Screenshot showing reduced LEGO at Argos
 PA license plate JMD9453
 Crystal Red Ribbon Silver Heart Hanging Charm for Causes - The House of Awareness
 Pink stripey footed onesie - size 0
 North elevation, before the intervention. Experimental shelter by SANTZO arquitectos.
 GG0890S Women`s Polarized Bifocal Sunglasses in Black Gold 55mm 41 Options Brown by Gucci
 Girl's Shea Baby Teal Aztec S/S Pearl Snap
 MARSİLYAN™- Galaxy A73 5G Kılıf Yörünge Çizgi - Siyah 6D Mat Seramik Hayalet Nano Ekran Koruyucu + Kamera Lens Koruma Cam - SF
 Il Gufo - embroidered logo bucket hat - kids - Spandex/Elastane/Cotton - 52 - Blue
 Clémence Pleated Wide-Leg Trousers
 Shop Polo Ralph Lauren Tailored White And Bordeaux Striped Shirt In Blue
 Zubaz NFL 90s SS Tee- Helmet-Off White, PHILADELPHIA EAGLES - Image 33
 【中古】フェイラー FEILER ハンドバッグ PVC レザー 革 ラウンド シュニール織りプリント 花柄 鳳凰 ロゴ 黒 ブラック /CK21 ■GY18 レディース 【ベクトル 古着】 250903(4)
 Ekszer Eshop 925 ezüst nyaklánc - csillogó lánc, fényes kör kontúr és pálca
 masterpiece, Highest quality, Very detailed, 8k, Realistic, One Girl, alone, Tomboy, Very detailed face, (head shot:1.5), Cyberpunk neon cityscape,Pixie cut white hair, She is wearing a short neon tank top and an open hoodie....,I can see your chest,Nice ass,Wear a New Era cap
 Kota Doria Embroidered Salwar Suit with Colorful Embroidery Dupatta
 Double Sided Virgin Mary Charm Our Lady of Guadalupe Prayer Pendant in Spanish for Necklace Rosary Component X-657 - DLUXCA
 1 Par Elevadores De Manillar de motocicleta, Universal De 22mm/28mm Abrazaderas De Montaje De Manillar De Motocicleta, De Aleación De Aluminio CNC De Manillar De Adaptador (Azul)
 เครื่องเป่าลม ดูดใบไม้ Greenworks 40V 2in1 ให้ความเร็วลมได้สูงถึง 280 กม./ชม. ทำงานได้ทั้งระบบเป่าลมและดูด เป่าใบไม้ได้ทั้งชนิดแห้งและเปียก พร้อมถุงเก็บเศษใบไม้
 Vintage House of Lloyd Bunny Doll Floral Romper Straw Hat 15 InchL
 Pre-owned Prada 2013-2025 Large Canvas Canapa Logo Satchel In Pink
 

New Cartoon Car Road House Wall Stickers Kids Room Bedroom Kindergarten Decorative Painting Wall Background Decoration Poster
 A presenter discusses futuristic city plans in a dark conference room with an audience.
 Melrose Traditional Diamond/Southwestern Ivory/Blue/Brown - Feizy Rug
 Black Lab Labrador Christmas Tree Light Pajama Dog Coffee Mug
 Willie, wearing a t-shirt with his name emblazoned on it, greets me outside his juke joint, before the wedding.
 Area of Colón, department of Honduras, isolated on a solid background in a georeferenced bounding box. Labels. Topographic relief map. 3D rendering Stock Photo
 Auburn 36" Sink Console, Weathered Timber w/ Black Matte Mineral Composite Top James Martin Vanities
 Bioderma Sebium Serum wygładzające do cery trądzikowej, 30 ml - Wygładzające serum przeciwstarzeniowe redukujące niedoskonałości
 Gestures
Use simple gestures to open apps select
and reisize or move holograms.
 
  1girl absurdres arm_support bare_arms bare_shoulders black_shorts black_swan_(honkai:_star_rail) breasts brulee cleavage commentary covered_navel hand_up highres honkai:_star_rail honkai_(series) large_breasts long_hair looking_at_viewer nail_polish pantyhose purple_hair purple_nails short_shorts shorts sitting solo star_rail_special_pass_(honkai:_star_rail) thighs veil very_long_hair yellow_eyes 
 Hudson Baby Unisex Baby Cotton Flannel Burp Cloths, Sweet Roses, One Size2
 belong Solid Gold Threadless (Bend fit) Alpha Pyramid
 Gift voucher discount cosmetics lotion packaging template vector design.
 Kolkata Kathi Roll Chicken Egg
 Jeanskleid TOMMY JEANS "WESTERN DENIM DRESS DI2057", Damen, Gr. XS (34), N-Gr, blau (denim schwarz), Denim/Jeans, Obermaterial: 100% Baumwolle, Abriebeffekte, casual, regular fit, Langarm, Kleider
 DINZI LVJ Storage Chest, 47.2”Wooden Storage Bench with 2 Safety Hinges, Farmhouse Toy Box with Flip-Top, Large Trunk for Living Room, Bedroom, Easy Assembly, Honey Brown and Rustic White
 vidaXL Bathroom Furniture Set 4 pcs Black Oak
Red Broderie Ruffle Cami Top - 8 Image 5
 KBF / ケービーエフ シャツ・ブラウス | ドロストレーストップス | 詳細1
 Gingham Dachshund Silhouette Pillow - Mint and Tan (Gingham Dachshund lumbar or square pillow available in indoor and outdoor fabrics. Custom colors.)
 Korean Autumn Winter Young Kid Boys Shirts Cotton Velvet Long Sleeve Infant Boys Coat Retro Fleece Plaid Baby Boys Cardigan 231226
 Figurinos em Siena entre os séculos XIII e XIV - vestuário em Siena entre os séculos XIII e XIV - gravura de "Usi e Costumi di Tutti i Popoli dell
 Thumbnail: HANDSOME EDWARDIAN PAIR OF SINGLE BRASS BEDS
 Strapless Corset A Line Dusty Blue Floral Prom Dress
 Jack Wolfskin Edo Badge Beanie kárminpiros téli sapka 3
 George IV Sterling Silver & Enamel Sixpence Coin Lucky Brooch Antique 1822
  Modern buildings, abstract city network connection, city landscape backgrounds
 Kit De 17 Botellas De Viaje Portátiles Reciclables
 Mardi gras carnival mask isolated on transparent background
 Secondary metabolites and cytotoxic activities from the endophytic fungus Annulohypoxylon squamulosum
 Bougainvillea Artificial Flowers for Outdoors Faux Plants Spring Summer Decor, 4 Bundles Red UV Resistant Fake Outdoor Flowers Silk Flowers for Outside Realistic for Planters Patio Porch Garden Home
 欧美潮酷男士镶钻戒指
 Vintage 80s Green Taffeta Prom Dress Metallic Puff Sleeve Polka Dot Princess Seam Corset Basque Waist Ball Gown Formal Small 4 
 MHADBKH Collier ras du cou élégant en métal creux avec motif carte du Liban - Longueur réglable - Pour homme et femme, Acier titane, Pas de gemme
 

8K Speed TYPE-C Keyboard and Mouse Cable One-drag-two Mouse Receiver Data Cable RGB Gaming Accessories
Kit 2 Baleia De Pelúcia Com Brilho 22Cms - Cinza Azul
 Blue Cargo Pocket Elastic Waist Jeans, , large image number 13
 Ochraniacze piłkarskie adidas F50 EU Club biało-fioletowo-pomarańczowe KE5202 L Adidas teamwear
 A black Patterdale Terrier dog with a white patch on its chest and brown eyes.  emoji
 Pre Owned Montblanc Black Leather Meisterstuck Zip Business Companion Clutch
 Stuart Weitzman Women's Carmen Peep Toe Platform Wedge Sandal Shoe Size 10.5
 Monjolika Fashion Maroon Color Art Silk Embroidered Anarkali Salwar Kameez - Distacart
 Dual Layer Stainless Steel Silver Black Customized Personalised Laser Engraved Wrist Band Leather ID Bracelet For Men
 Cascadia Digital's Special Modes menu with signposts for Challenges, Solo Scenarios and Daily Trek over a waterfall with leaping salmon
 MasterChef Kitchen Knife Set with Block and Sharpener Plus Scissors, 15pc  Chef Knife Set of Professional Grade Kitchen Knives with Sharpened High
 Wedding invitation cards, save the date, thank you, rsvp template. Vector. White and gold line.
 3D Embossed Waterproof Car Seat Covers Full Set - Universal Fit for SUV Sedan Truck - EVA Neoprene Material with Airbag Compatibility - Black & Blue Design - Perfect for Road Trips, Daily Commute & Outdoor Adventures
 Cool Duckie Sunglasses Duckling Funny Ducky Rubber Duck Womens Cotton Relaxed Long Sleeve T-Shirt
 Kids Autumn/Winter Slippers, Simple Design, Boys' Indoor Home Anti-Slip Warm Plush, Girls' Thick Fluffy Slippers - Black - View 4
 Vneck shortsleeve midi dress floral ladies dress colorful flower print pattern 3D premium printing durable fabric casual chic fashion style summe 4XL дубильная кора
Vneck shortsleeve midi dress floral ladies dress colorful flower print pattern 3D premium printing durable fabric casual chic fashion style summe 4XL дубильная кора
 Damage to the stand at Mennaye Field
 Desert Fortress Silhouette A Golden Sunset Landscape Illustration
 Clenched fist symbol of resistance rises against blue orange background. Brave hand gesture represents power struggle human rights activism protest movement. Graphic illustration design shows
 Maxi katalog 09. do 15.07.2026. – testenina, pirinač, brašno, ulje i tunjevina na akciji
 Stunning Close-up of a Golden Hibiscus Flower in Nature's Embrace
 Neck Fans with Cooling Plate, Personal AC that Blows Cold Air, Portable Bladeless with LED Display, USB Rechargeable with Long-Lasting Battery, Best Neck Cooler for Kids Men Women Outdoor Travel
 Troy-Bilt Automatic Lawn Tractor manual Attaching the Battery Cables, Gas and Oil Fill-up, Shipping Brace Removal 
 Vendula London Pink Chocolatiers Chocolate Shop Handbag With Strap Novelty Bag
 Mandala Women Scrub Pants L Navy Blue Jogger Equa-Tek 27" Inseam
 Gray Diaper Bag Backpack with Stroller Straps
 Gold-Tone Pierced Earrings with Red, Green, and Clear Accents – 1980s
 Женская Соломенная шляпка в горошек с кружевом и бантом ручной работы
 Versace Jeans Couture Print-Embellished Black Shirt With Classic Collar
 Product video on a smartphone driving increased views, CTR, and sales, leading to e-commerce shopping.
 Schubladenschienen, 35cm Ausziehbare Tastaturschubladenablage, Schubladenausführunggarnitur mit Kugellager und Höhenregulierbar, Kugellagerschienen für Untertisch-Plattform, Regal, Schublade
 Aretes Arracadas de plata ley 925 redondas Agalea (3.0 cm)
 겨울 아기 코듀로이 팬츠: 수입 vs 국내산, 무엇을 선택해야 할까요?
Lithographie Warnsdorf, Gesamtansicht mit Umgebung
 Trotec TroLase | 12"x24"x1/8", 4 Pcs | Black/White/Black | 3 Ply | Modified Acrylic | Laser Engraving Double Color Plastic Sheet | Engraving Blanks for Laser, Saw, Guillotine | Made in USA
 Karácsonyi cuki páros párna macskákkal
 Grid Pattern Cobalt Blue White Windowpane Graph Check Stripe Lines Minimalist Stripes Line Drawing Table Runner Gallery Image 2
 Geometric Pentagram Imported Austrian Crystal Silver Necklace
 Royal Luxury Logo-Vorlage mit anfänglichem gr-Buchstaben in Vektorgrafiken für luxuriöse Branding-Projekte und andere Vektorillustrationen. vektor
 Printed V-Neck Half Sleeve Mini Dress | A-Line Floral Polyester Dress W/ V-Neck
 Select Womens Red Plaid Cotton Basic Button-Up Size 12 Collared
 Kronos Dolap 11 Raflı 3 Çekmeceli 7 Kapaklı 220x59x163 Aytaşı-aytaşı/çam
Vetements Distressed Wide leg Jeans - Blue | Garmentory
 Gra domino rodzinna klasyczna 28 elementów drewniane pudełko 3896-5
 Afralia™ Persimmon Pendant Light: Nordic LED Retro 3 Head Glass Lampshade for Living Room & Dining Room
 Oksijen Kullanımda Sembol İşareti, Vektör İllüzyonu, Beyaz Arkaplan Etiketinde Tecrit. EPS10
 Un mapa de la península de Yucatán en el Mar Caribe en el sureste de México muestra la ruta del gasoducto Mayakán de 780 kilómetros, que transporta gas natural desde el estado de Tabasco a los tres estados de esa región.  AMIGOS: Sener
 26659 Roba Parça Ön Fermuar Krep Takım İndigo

===============

▸ TASK OBJECTIVE
Beginning at the line above that contains "Melrose Traditional Diamond/Southwestern", return each line exactly through the line that contains "Use simple gestures to open apps select", and no others.

▸ EXPECTED OUTPUT
 Melrose Traditional Diamond/Southwestern Ivory/Blue/Brown - Feizy Rug
 Black Lab Labrador Christmas Tree Light Pajama Dog Coffee Mug
 Willie, wearing a t-shirt with his name emblazoned on it, greets me outside his juke joint, before the wedding.
 Area of Colón, department of Honduras, isolated on a solid background in a georeferenced bounding box. Labels. Topographic relief map. 3D rendering Stock Photo
 Auburn 36" Sink Console, Weathered Timber w/ Black Matte Mineral Composite Top James Martin Vanities
 Bioderma Sebium Serum wygładzające do cery trądzikowej, 30 ml - Wygładzające serum przeciwstarzeniowe redukujące niedoskonałości
 Gestures
Use simple gestures to open apps select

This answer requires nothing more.